In article <10707@smoke.BRL.MIL> gwyn@brl.arpa (Doug Gwyn) writes:
>In article <35120@ccicpg.UUCP> swonk@ccicpg.UUCP (Glen Swonk) writes:
>-Does anyone have a program or a method of determing
>-the number of C source lines in a source file?
>-My assumption is that comments don't count as source
>-lines unless the comment is on a line with code.

>What precisely is this supposed to measure?

   I also want to know just what you are going to measure with this number?

   A much simplier approach would be to use awk to strip out what you don't
want and  pipe to wc.


   Then again, a much simplier way to measure code size with equally worthwhile
scientific precision is to just measure the thinkness of your printouts with
a ruler :-)




George W. Leach					AT&T Paradyne 
(uunet|att)!pdn!reggie				Mail stop LG-133
Phone: 1-813-530-2376				P.O. Box 2826
FAX: 1-813-530-8224				Largo, FL  USA  34649-2826

linda@rtech.rtech.com (Linda Mundy) (08/17/89)

In article <6500@pdn.paradyne.com> reggie@dinsdale.paradyne.com (George W. Leach) writes:

> [deleted discussion of what's being measured when counting lines of code...]
>
>   Then again, a much simplier way to measure code size with equally worthwhile
>scientific precision is to just measure the thinkness of your printouts with
                                             ^^^^^^^^^
>a ruler :-)

Aha!  so that's what we're trying to measure here...  I don't think a ruler
will suffice!  :-)
>
>George W. Leach					AT&T Paradyne 
>(uunet|att)!pdn!reggie				Mail stop LG-133
>Phone: 1-813-530-2376				P.O. Box 2826
>FAX: 1-813-530-8224				Largo, FL  USA  34649-2826


-- 
"Who are you to tell me to question authority?"

Linda Mundy	{ucbvax,decvax}!mtxinu!rtech!linda

alanm@cognos.UUCP (Alan Myrvold) (08/17/89)

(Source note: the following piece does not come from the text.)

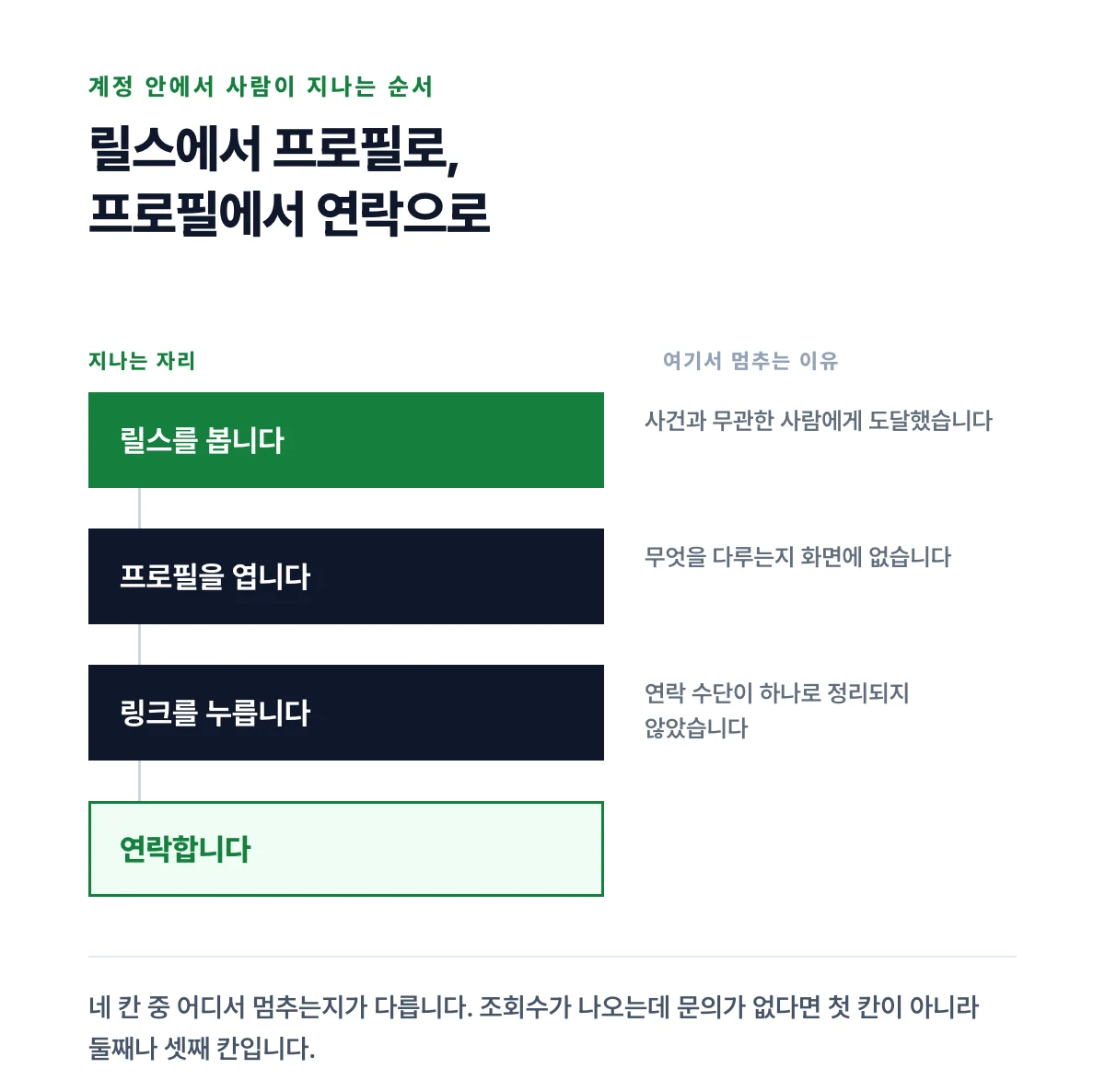 릴스에서 프로필로, 프로필에서 연락으로 이어지는 계정 안의 이동 경로를 네 칸으로 나눈 도식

In article <35120@ccicpg.UUCP> swonk@ccicpg.UUCP (Glen Swonk) writes:
>-Does anyone have a program or a method of determing
>-the number of C source lines in a source file?

Ok. First off, sources don't really belong in comp.software-eng ...
so I feel a bit guilty, but here's a reasonably portable C program
to count :

     NCSL - non-commentary source lines
     LINES - source lines
     COMMENTS - C comments
     NCC - non-contiguous comments

It will even run on systems where (heaven forbid) the argv[] list
isn't as convienient to use as Unix's. And should compile with
either a K&R or ANSI-style compiler.

On known bug in the program is that VAX CC (and others) allow:

#include "foo.c""

Which confuses the string parsing part of my program.
Obfusicated C contest winners may also fould the program.

Flames and comments to alanm@cognos.uucp, please.

                                 - Alan
--- cut here ---
/* LOC.C count C lines of code, comments                                  */
/* For each c file, produces
     NCSL - non-commentary source lines
     LINES - source lines
     COMMENTS - C comments
     NCC - non-contiguous comments

If invoked with no arguments and the file "cfiles.lis" does not
exist, input is taken from stdin, output goes to stdout.

If invoked with no arguments and "cfiles.lis" does exist,
the filenames are assume to be in "cfiles.lis", and the
output is written to BOTH stdout and "cfiles.out".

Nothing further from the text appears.